ECAAR-South Africa had repeatedly alerted government ministers during the Defence Review and subsequently of the international experience of offsets as a scam promoted by the armaments industry, with the connivance of politicians, to fleece taxpayers of both supplier and recipient countries. Those warnings were ignored. Offsets are discredited because they distort the normal functioning of markets. It is extraordinary that the Department of Trade and Industry has made this discredited malpractice pivotal to South Africa's industrialisation policies. The reason that offsets are so prone to corruption is precisely because they cannot be effectively monitored. Indeed, in terms of the offset contracts, South African taxpayers are not permitted details of the offsets under the spurious claims of commercial confidentiality.

The ANC intelligence operatives and whistleblowers declare that as serious as the allegations regarding the arms acquisition programme are, even more ominous is the use of South Africa's banking structures to launder funds derived from drugs and arms trafficking. South Africa's banks pride themselves on their First World infrastructure, yet their policing of illicit and fraudulent banking transactions is notoriously lax. South Africa has become the ideal transit point for international criminals.

When these and other allegations were referred to the writer, his immediate response and also that of De Lille was that they were so serious that they needed to be investigated urgently by a competent authority, hence the referral to the Heath Special Investigating Unit. Well over a year has since elapsed and, sadly, the governments embarrassment and constitutional crisis is consequently of its own making.

Reality check

President Thabo Mbeki's behaviour on 19 January 2001 is likely to inflict as much damage to South Africa as President PW Botha's Rubicon Speech in August 1985. In a televised address to the nation, Mbeki lambasted Judge Heath and De Lille and used an organisational diagram and a legal opinion to imply a racist conspiracy to discredit his government and the country.
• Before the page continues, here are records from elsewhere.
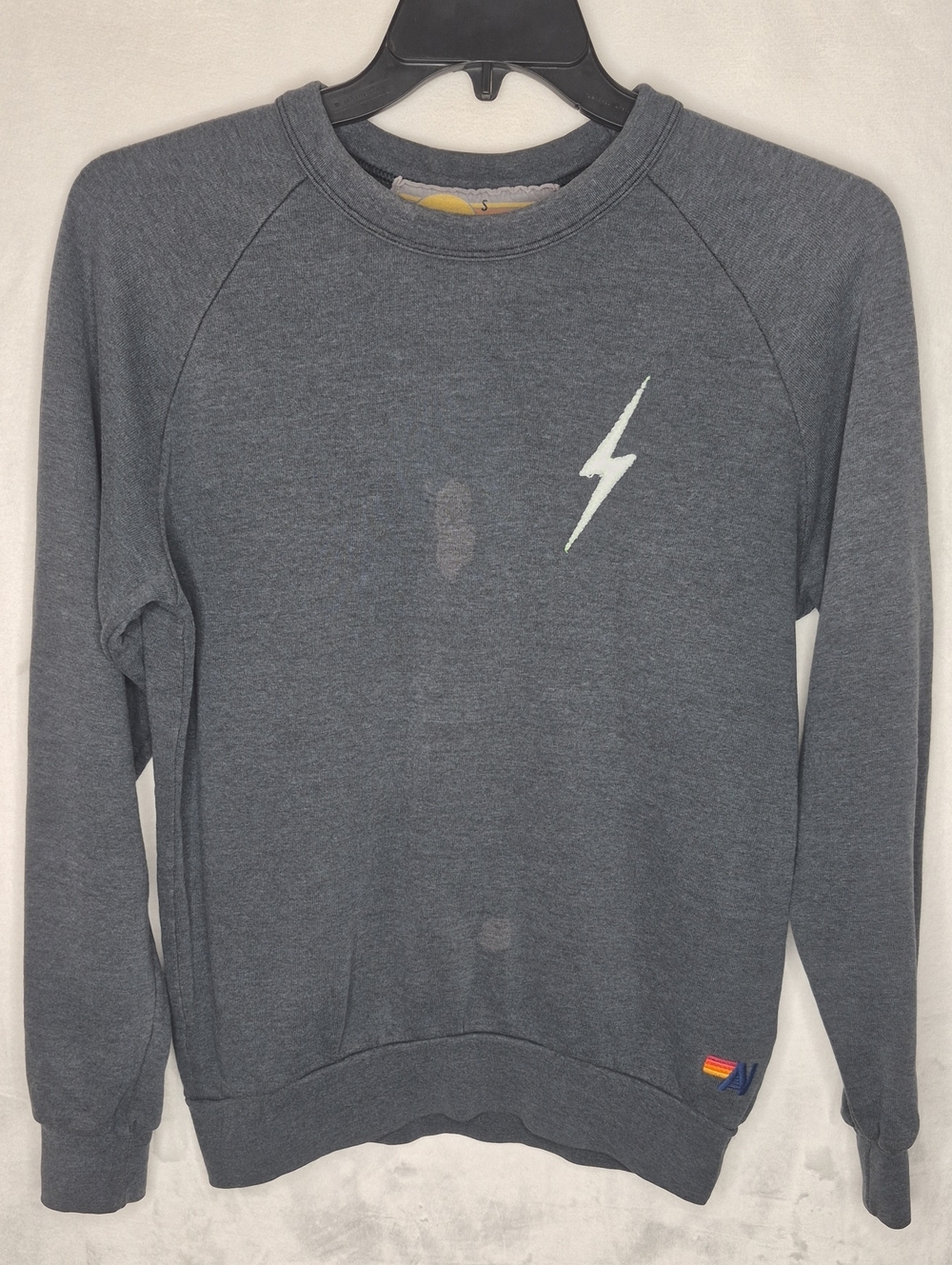 Aviator Nation Grey Lightning Bolt Crewneck Sweater S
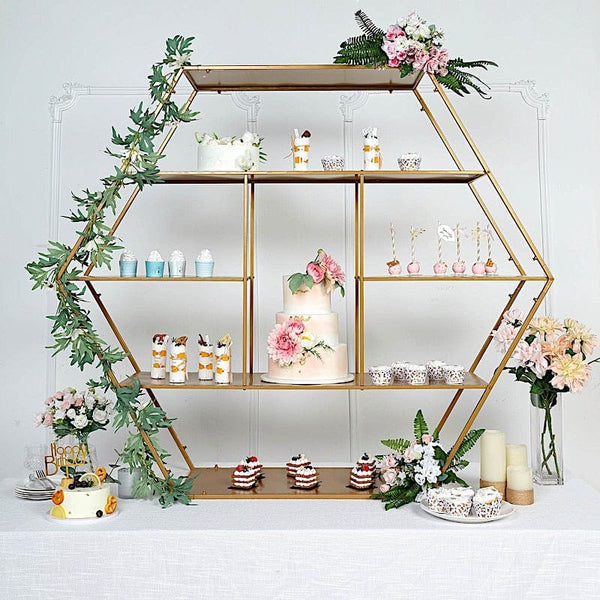 4 feet Gold Large Hexagon Metal Cake Dessert Display Stand Wedding Arch Backdrop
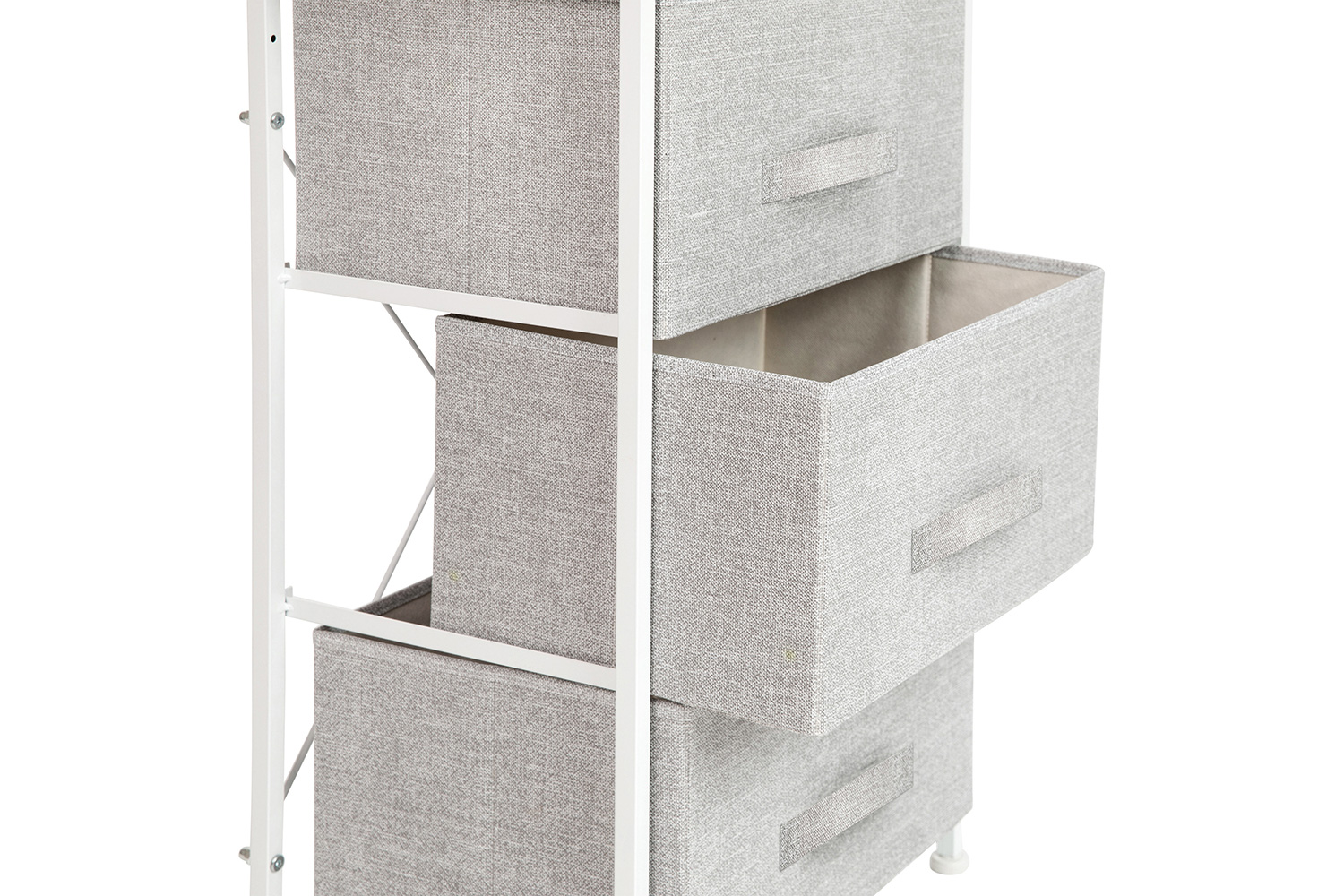 BLNK Harris 3 Drawer Wood Top Iron Frame Vertical Storage Dresser with Easy Pull Drawers - White/Light Gray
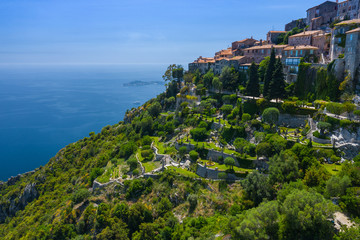 Aerial view of medieval village of Eze, on the Mediterranean coastline landscape and mountains, French Riviera coast, Cote d'Azur. France.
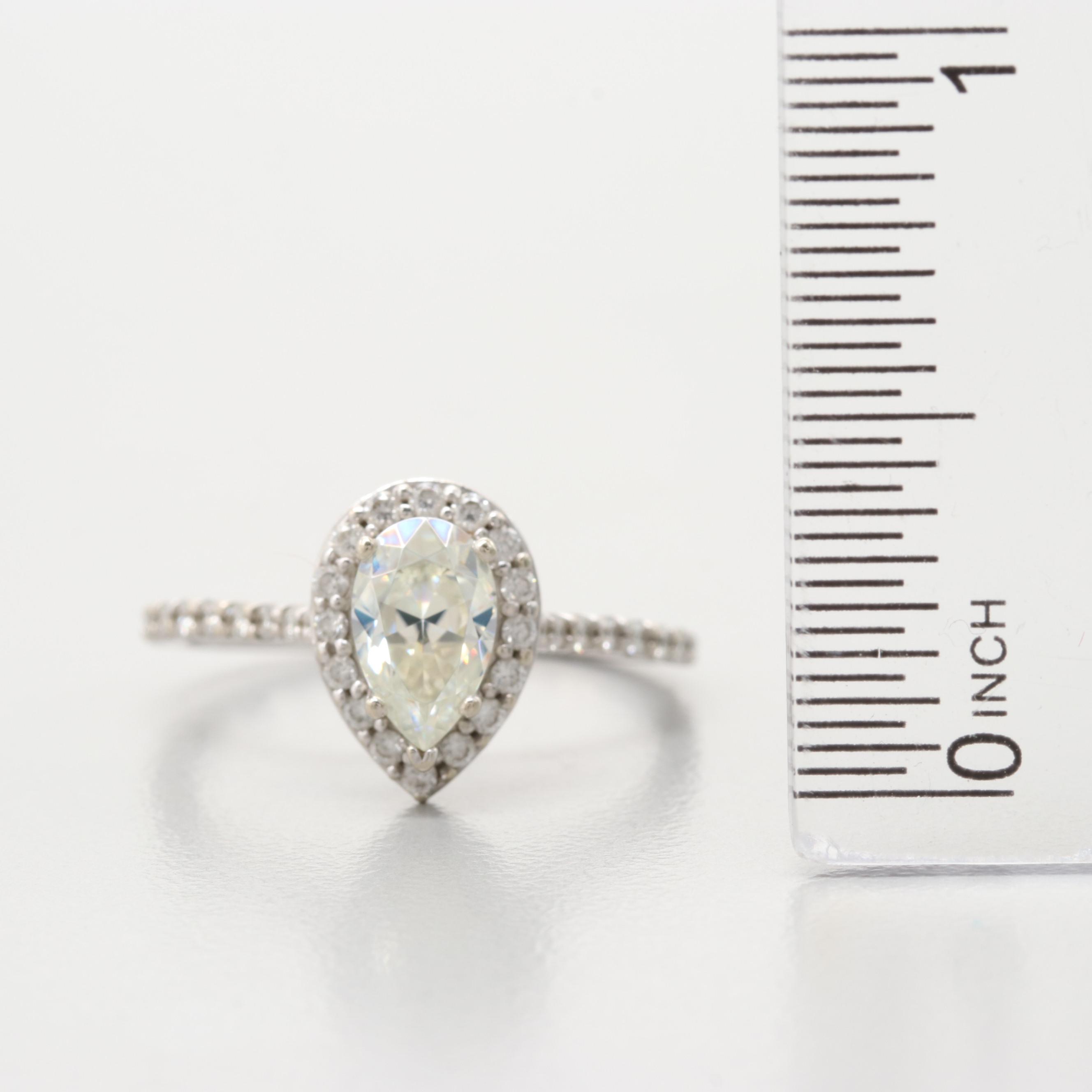 14K White Gold Synthetic Moissanite And Diamond Ring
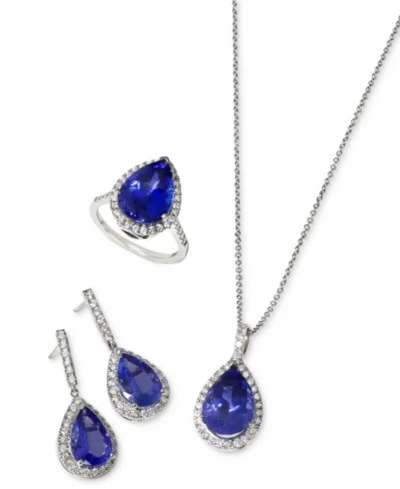 Украшения EFFY Tanzanite Pear Halo, белое золото 14К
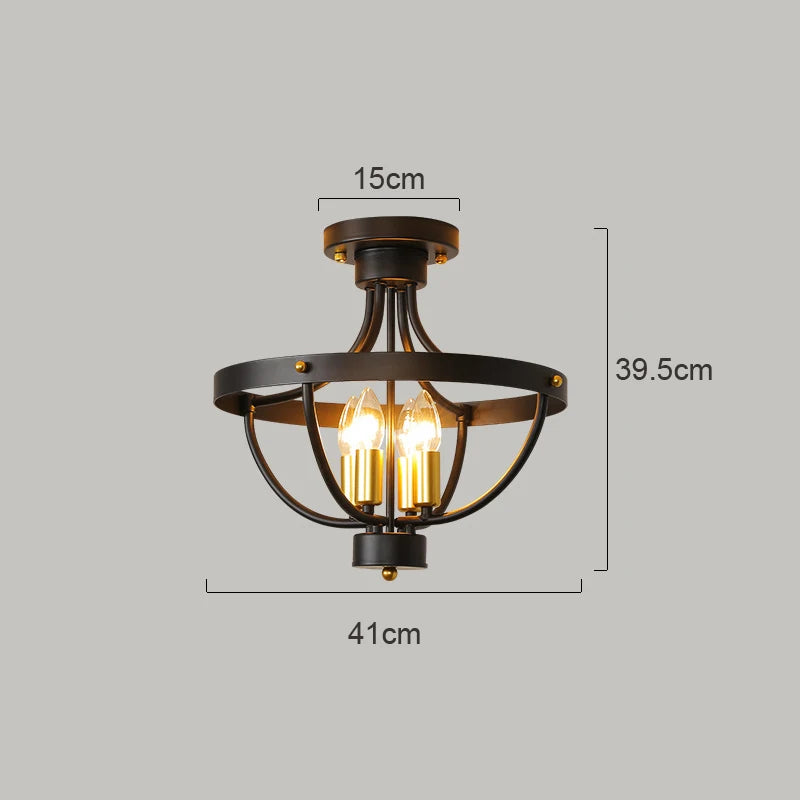 lampe suspendue industrielle noir doré structure métallique circulaire chambre salon étude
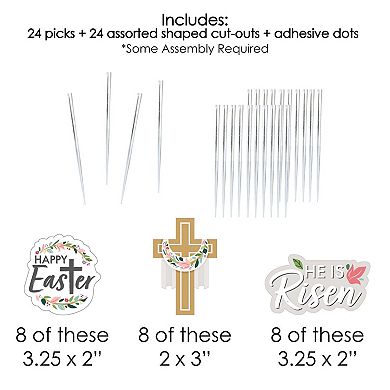 Big Dot Of Happiness Religious Easter Cupcake Toppers Christian Clear Treat Picks 24 Ct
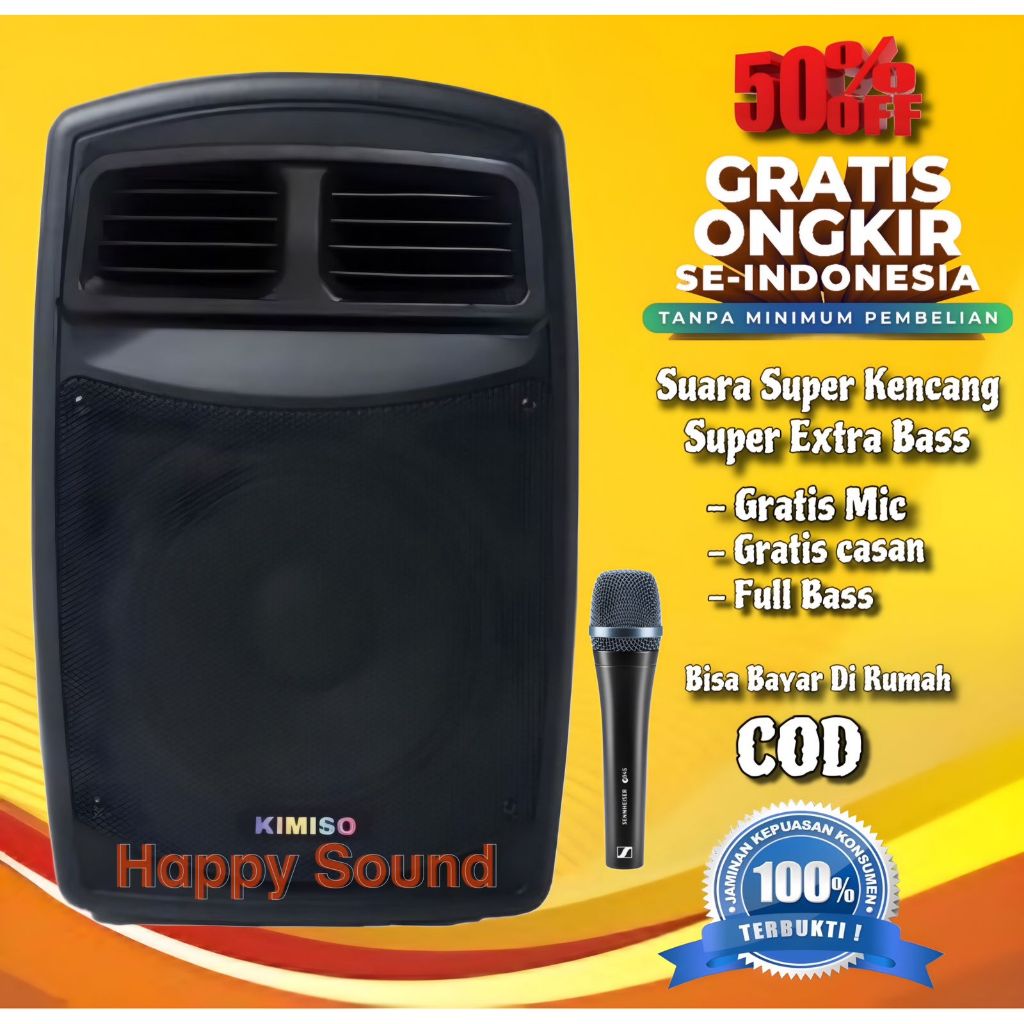 Speaker Bluetooth Karaoke Super Extra Bass Bonus Mic Ukuran Jumbo / Salon Spiker aktif Besar Subwoof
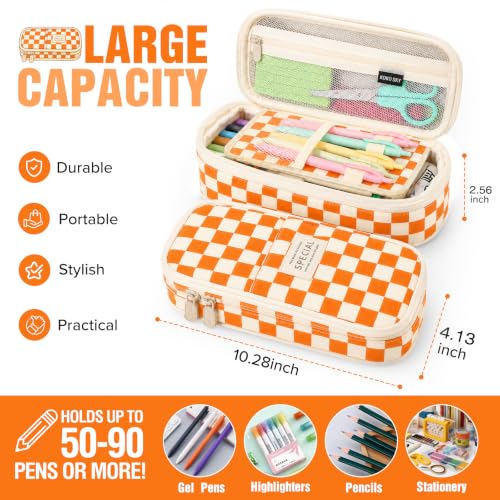 Image of Pencil Case, Large Capacity Aesthetic Pencil Cases with Durable Zipper, Big Stationery Pencil Pouch for Women & Men , Adults Portable Storage Organizer Bag for College, Office, Travel (Yellow Grid)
Days later the organogram was found to have been the doodlings of an investigative journalist, and that Mbeki had cynically manipulated the legal opinion to support his dismissal of the Judge. In fact, the opinion was found to have supported Heath and thus the President was shown as having lied.

Even were the armaments acquisitions programme squeaky clean which obviously it is not the overriding priority for South Africa should be its cancellation. The naval motivations for purchasing submarines were that South Africa needed the capacity to give the United States a bloody nose, and that submarines are the ultimate stealth weapon to protect fish.

Millions of South Africans are now threatened by cholera. About 10 percent of our population is estimated to be infected with HIV/Aids. Tuberculosis is rife. Eight million people live in shacks. Unemployment is 35 percent. The government came to office pledging its commitment to the eradication of poverty. Instead, like the apartheid government and the regimes in the Congo and Angola, the ANC government proposes to squander tens of billions of Rands on armaments.

The attempted cover-up is likely to prove even more damaging than the crime. A massive scandal is unfolding, which is likely to spill over into an enquiry into the complicity of European governments.